En enero de 1999 recorrí por primera vez Egipto. Un viaje en verdad estimulante. No conservo mucho material que testimonie aquel periplo. Alguna foto, porciones de registro en vhs y una libreta de notas que acabo de recuperar en mi departamento porteño, como no podía ser de otra manera, buscando otra cosa. Es un cuaderno espléndido, cosido a mano, con detalles de flores y pájaros grabados en la cubierta de cuerina. Al abrirlo, me encuentro con el primer registro del viaje, un retrato bastante preciso del caos de tránsito en Alejandría. Reproduzco tal cual:

(11/01/99) El tránsito está peor que ayer. Los lentos y sucios buses van más lentos que nunca, con pasajeros que viajan en el estribo, aferrados precariamente de una pértiga mientras otros se amontonan en la cabina con el conductor y algunos especímenes se sientan con las piernas cruzadas sobre el techo. 
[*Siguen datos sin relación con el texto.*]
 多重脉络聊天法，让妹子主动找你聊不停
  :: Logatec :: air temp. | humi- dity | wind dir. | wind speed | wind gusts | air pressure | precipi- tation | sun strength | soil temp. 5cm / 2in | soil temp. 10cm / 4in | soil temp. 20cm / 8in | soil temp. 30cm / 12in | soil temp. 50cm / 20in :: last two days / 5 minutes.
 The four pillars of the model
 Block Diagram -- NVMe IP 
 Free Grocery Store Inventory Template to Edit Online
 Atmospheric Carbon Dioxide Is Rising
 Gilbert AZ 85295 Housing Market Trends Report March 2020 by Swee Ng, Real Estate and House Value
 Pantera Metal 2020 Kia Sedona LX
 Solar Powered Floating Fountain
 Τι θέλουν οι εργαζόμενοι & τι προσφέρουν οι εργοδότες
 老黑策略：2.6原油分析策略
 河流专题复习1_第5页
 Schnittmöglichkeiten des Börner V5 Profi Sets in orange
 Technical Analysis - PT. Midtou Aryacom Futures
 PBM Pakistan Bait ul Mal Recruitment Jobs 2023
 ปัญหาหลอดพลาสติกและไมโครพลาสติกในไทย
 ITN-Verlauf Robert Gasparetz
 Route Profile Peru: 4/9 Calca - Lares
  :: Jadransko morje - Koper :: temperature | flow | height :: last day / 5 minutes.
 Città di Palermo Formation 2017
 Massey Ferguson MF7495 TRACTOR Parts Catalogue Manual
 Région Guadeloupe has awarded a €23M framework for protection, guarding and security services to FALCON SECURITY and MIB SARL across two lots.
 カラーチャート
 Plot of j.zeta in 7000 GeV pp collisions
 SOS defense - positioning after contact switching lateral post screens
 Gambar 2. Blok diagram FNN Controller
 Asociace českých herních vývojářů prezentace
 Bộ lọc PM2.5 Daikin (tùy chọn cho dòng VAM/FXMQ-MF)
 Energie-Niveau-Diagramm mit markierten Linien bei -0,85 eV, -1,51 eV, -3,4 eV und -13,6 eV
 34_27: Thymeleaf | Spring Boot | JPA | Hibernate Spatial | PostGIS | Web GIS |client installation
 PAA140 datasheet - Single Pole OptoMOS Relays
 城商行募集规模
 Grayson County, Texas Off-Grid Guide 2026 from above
Los taxis no son mejores; parece haber escasez de repuestos, pues la mayoría de los coches tienen ventanillas rotas, gomas desinfladas y motores defectuosos y carecen de faros y limpiaparabrisas. Los únicos autos decentes son las monstruosas limusinas americanas de los ricos y el raro Austin inglés de la posguerra. Mezclados con los vehículos motorizados, en mortal competencia, están los carretones de los campesinos arrastrados por mulas y el ganado –camellos, ovejas y cabras– que está prohibido en el centro de la ciudad por la ley menos acatada del derecho escrito egipcio.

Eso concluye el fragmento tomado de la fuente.